%%
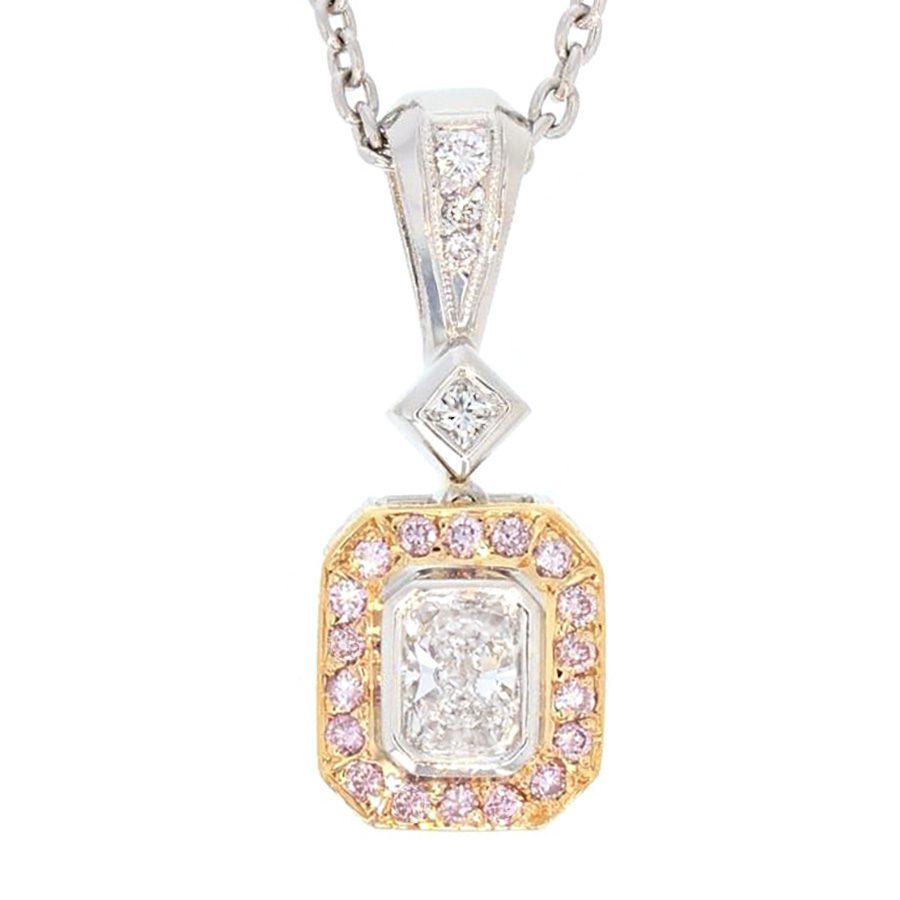 Radiant and Pink Diamonds in Platinum Pendant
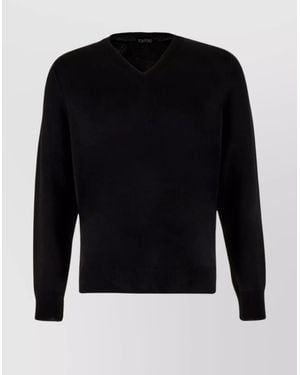 Tom Ford Silk Ribbed V-Neck Jumper - Blue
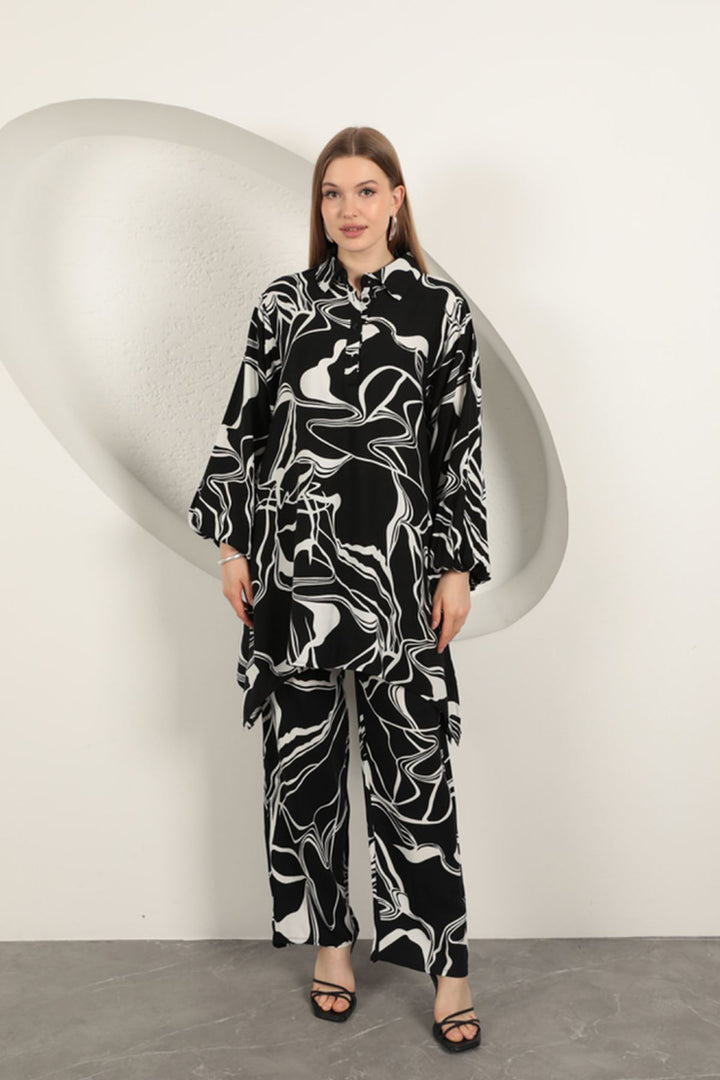 KKT Viscose Patterned Women's Suit-Black - Ashford
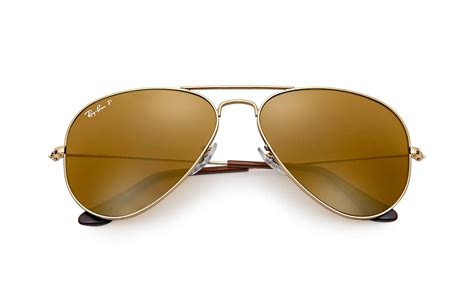 ray ban aviator classic in gold brown brown lyst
%%
Task description. Copy, without the pictures, exactly the lines from the line with "KKT Viscose Patterned" through the end of the material above, both ends included.

Output for this task.
 KKT Viscose Patterned Women's Suit-Black - Ashford
 ray ban aviator classic in gold brown brown lyst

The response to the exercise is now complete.